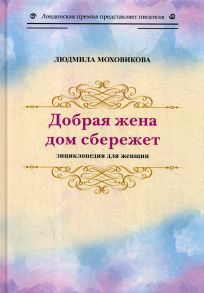 Добрая жена дом сбережет: энциклопедия для женщин - Моховикова Людмила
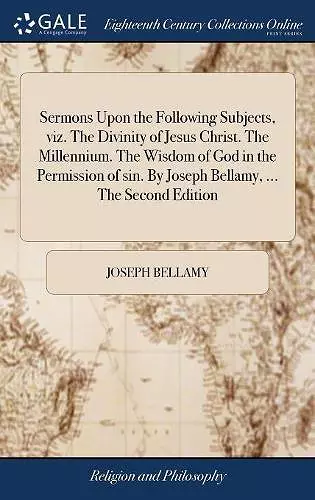 Sermons Upon the Following Subjects, viz. The Divinity of Jesus Christ. The Millennium. The Wisdom of God in the Permission of sin. By Joseph Bellamy, ... The Second Edition cover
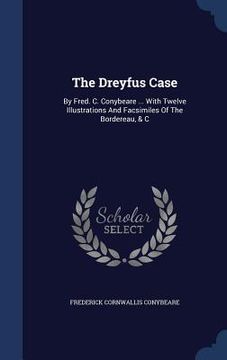 portada The Dreyfus Case: By Fred. C. Conybeare ... With Twelve Illustrations And Facsimiles Of The Bordereau, & C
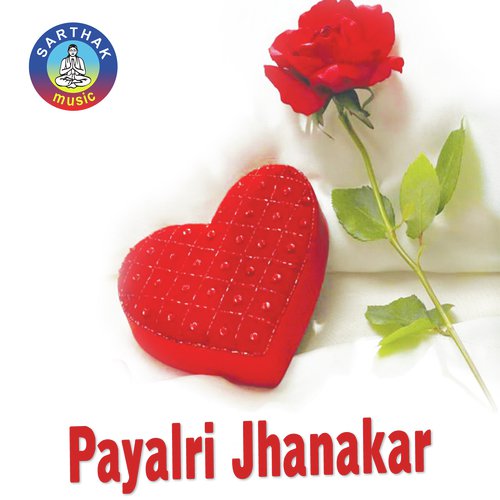 Payalri Jhanakar Namita Agrawal MP3 Download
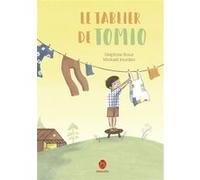 Le tablier de Tomio Delphine Roux (Auteur), Mickaël Jourdan (Illustration)
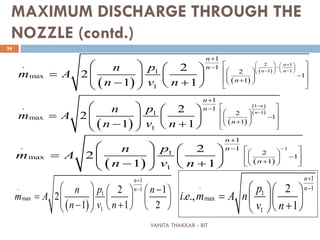 VANITA THAKKAR - BIT
34
MAXIMUM DISCHARGE THROUGH THE
NOZZLE (contd.)
( ) ( )
( )
2 1
1 1
1
1
1 2
1max
1
1
. 2
2
1 1
n
n n
n
n
n
pn
m A
n v n
  + 
−    − −  
+
 −   
−   +  
 
   
=     − +  
( ) ( )
( )
( )
1
1
1
1
1 2
1max
1
1
. 2
2
1 1
n
n
n
n
n
pn
m A
n v n
−
−
+
 −
  
−   +  
 
   
=     − +  
( ) ( )
1
1
1
1 2
1max
1
1
. 2
2
1 1
n
n
n
pn
m A
n v n
−
+
−    −   +  
   
=     − +  
( )
1
1
1
max
1
. 2 1
2
1 1 2
n
npn n
m A
n v n
+
−  −   
=       − +    
1
1
1
max
1
. 2
. .,
1
n
np
i e m A n
v n
+
−  
=   
+  
 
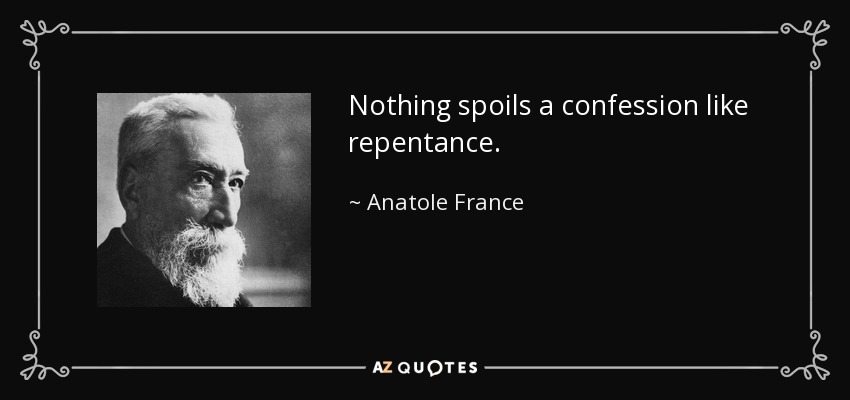 Nothing spoils a confession like repentance. - Anatole France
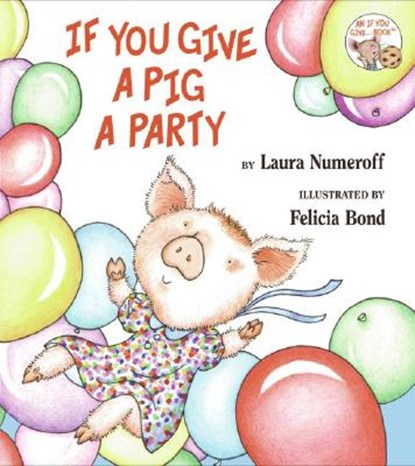 IF YOU GIVE A PIG A PARTY, Laura Joffe Numeroff - Gebonden - 9780060283278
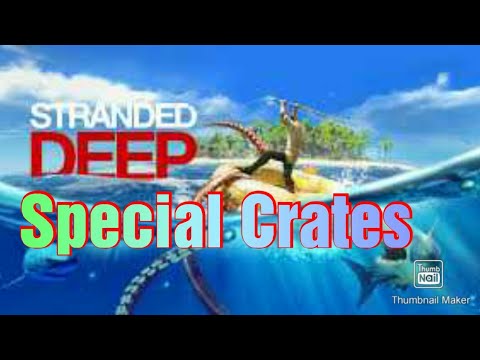 stranded deep วิธีคราฟของ  2022 New  How to get starting crates in Stranded Deep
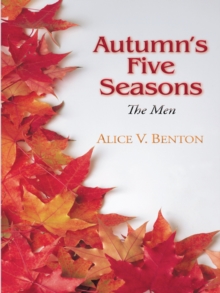 Autumn's Five Seasons : The Men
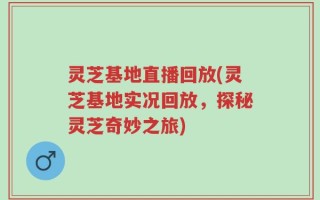 灵芝基地直播回放(灵芝基地实况回放，探秘灵芝奇妙之旅)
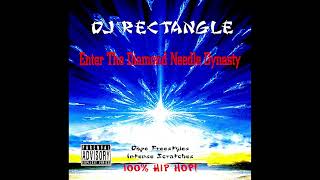 DJ Rectangle  2000 Enter The Diamond Needle Dynasty Side A [upl. by Ehlke216]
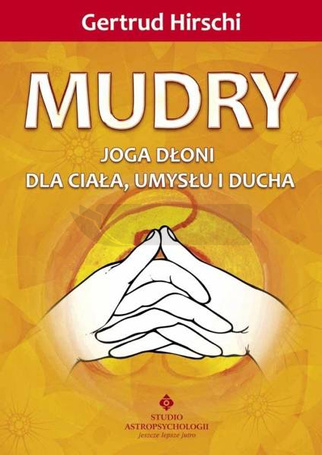 Mudry - joga dłoni dla ciała, umysłu i ducha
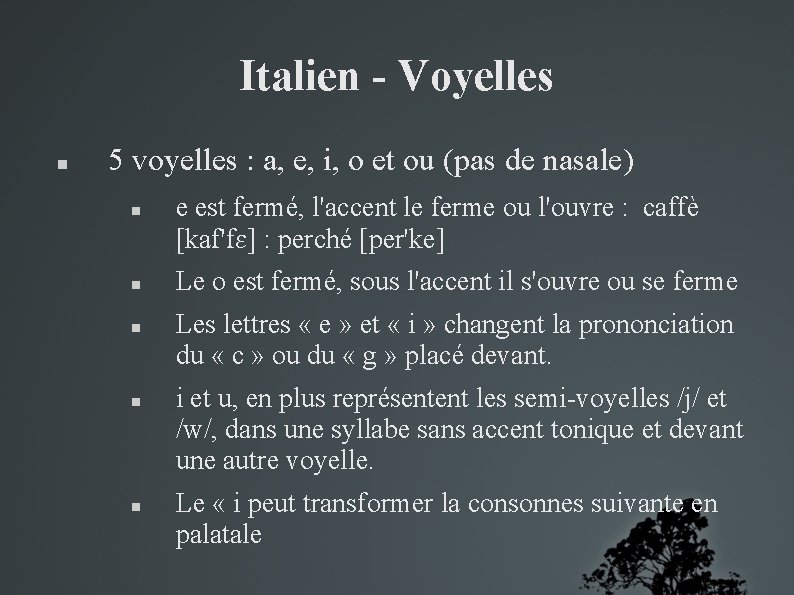 Italien - Voyelles 5 voyelles : a, e, i, o et ou (pas de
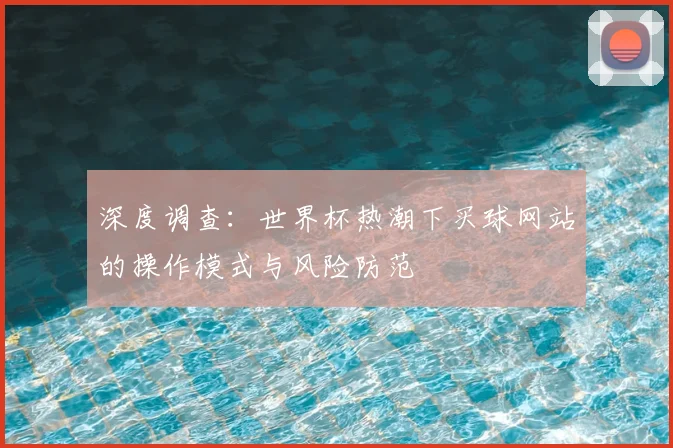 深度调查：世界杯热潮下买球网站的操作模式与风险防范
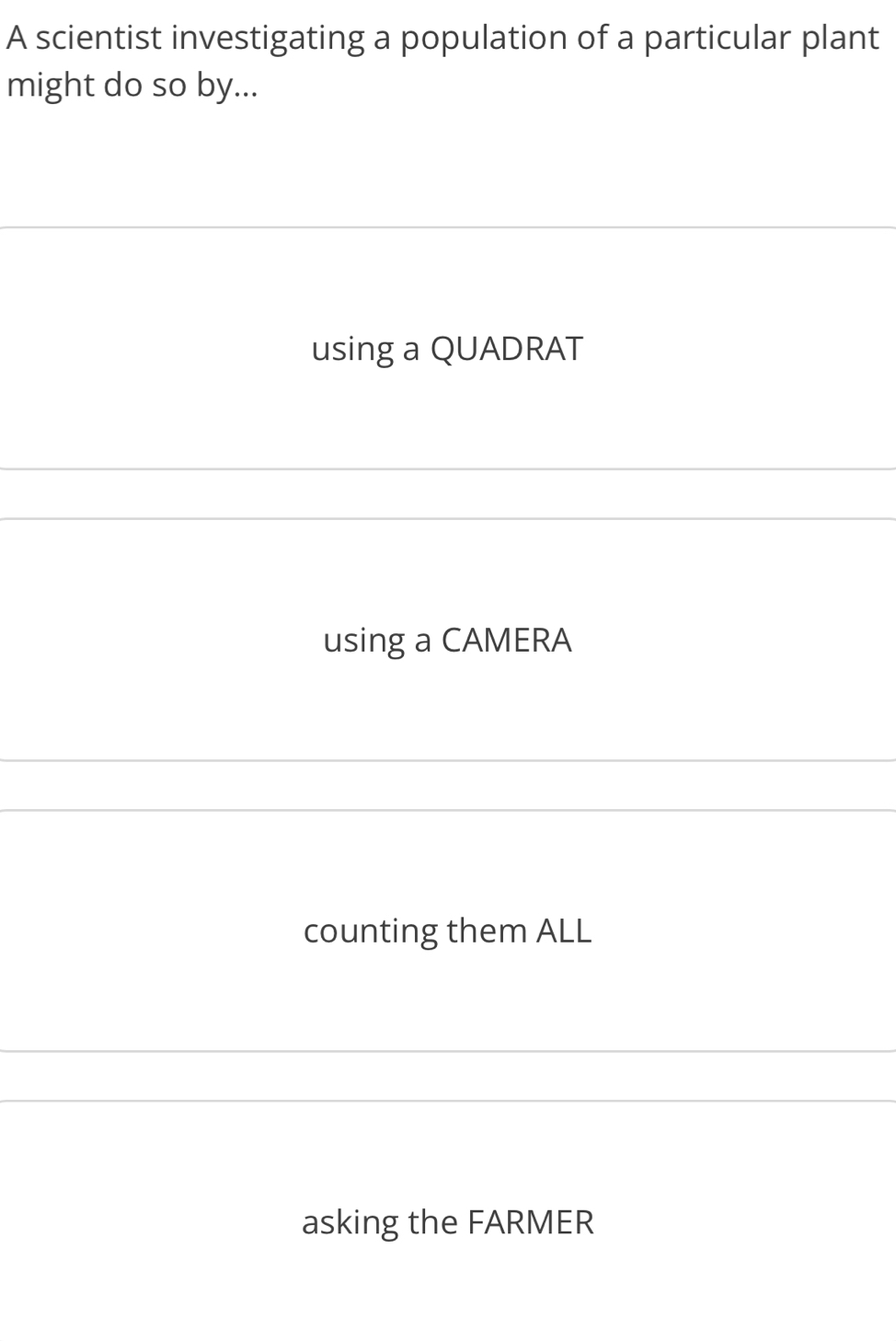 A scientist investigating a population of a particular plant
might do so by...
using a QUADRAT
using a CAMERA
counting them ALL
asking the FARMER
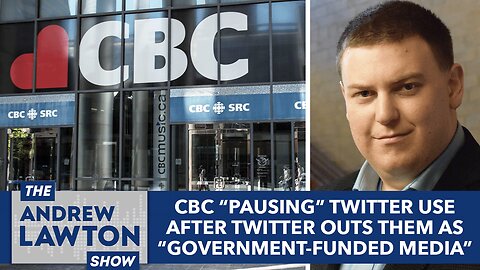 CBC "pausing" Twitter use after Twitter outs them as "government-funded media"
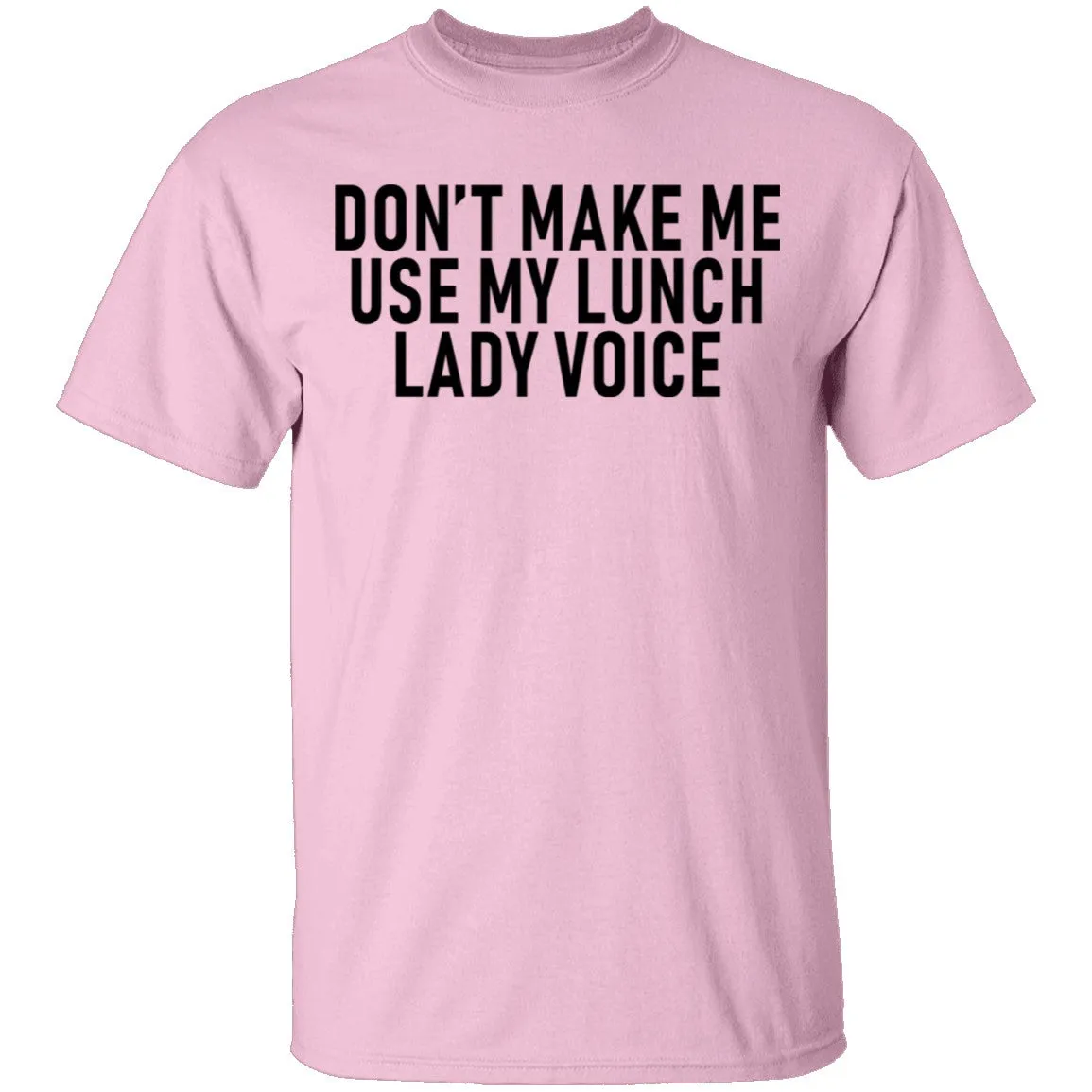 Dont Make Me Use My Lunch Lady Voice T-Shirt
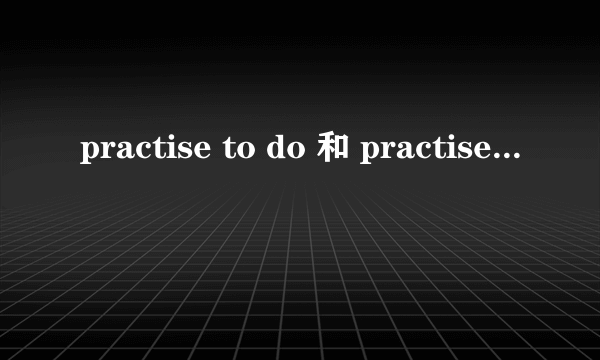 practise to do 和 practise doing的区别是什么?_?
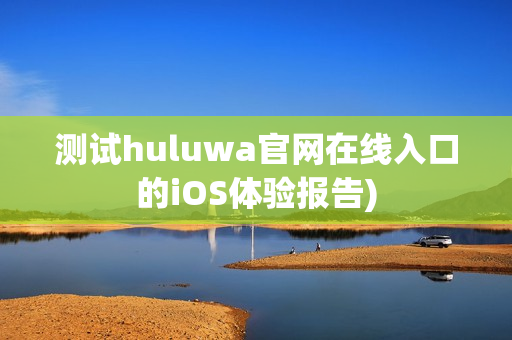 测试huluwa官网在线入口的iOS体验报告)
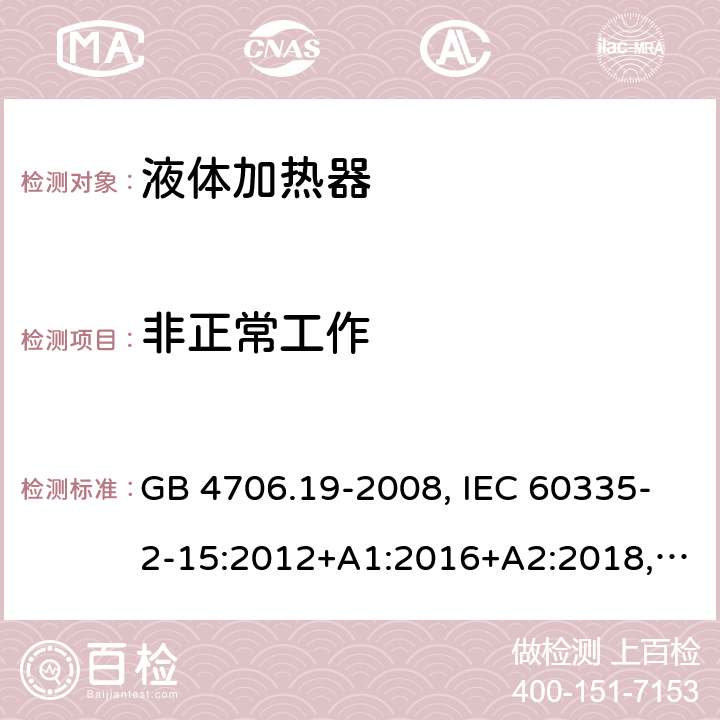 非正常工作 家用和类似用途电器安全–第2-15部分:液体加热器的特殊要求 GB 4706.19-2008, IEC 60335-2-15:2012+A1:2016+A2:2018, EN 60335-2-15:2016+A11:2018,AS/NZS 60335.2.15:2019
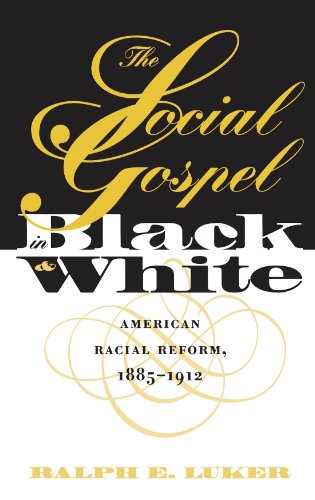 9780807847206: The Social Gospel: Black & White: American Racial Reform, 1885-1912 (Studies in Religion)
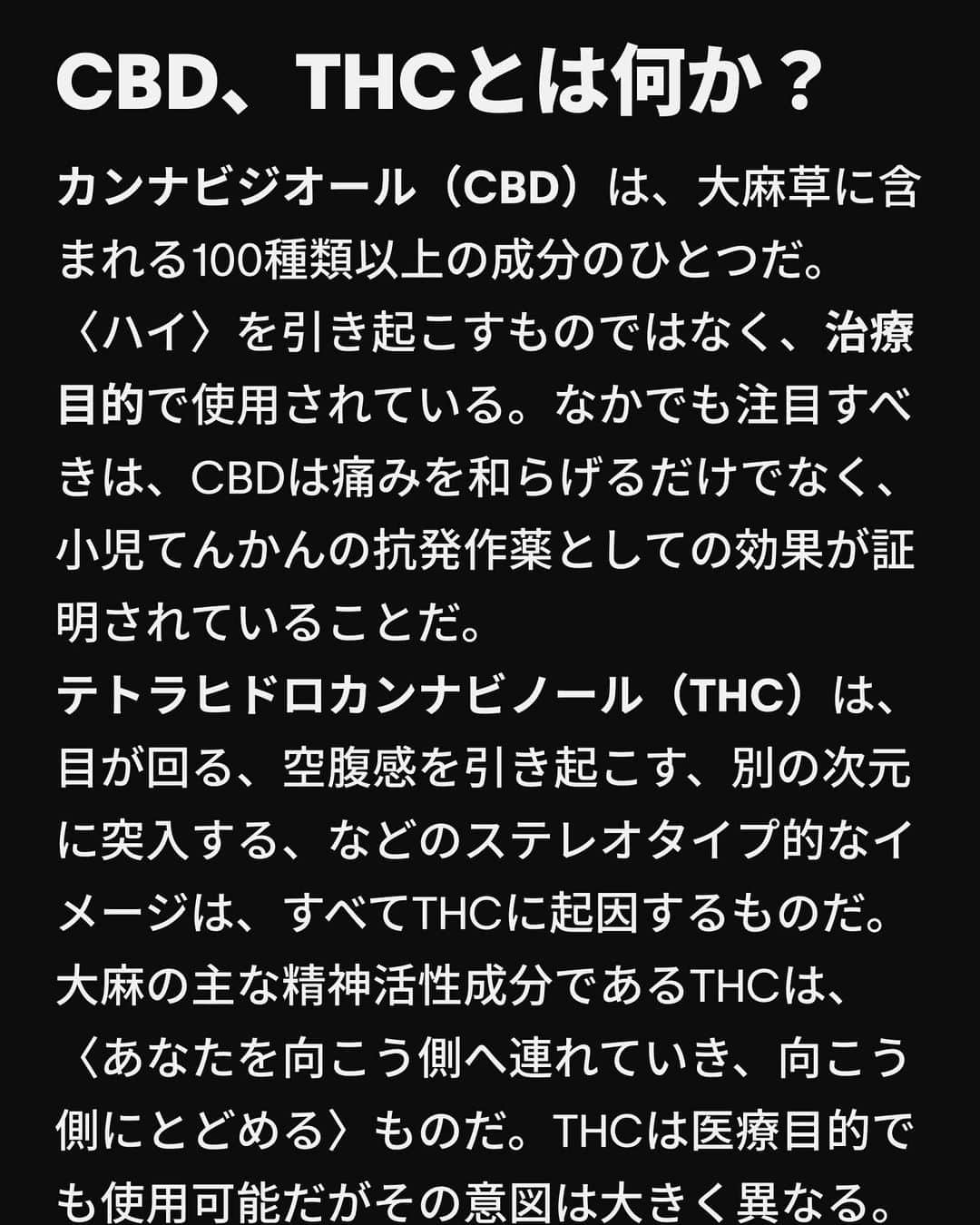 VICE Japanさんのインスタグラム写真 - (VICE JapanInstagram)「3個から4個めの検索ページの間で、あなたは〈 #CBD か #THC か〉という避けられない疑問にぶつかる。これは私たちが人生のどこかの時点で出会う検索ワードだ。13歳で興味を持ち、25歳でふとした瞬間に思い出して、1000mgのCBDを扱えるかどうか確かめようとする。  THC（ #テトラヒドロカンナビノール ）とCBD（ #カンナビジオール ）は、ほとんどの大麻常習者と不定期のスモーカーの間でよく知られている頭字語だ。大まかに言えば、THCは使用者を宇宙空間に飛ばす一方でCBDは医療的なもの、というのが一般的なイメージだ。最近では、CBDは運転能力を低下させるか否かをめぐって議論が巻き起こっているが、土曜の夜のカフェの話題は、アルコールと大麻を混ぜるとどうなるのか、CBDに処方薬との相互作用はあるのか、ということが独占している。  もちろん、それがすべてではない。CBDとTHCの違いを詳しく解説する。  記事詳細は @vicejapan プロフィールのリンクから  #vicejapan #vice #ヴァイスジャパン」10月10日 17時03分 - vicejapan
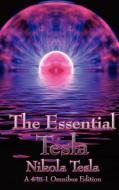 The Essential Tesla di Nikola Tesla edito da Wilder Publications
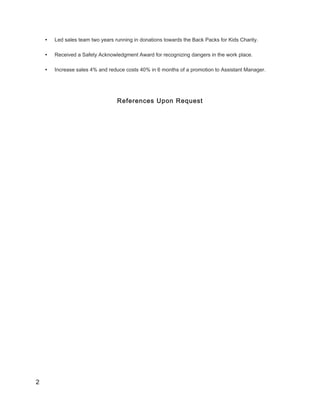 • Led sales team two years running in donations towards the Back Packs for Kids Charity.
• Received a Safety Acknowledgment Award for recognizing dangers in the work place.
• Increase sales 4% and reduce costs 40% in 6 months of a promotion to Assistant Manager.
References Upon Request
2
 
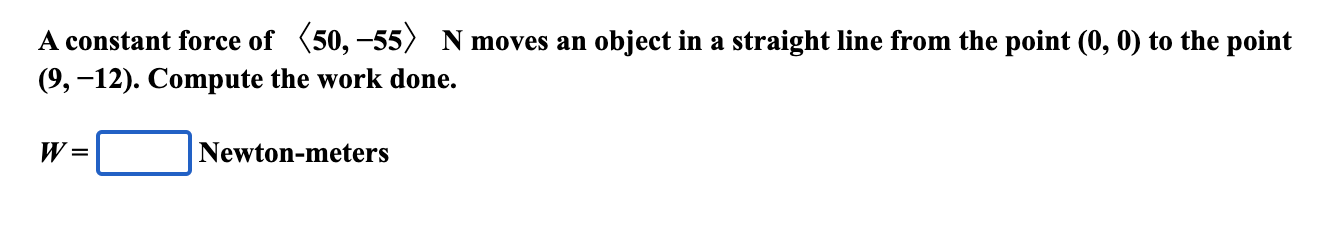 the point (at, 13, 8). A constant force of N moves an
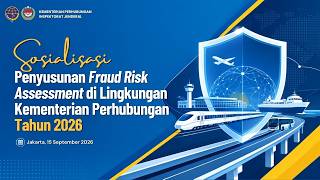 Download lagu Sosialisasi Penyusunan Fraud Risk Assesment di Lingkungan Kementerian Perhubungan Tahun 2026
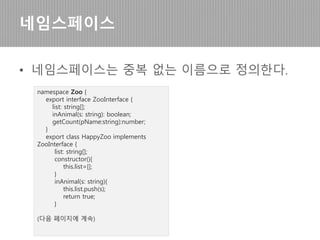 • 선언된 변수나 메서드에 대한 사용을 강제함
인터페이스
interface AddressInterface {
addressBookName:string;
setBookName(addressBookName: string);
getBookName();
}
class AddressBook implements
AddressInterface {
addressBookName:string;
setBookName(addressBookName: string) {
this.addressBookName =
addressBookName;
}
getBookName(){
return this.addressBookName;
}
constructor() { }
}
let myAddressBook = new AddressBook();
myAddressBook.setBookName("나의 주소록");
console.log(myAddressBook.getBookName());
[결과]
나의 주소록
# # # #
**Try it**
The response consists of the lines above that contain "string".

**Answer to the problem**
addressBookName:string;
setBookName(addressBookName: string);
addressBookName:string;
setBookName(addressBookName: string) {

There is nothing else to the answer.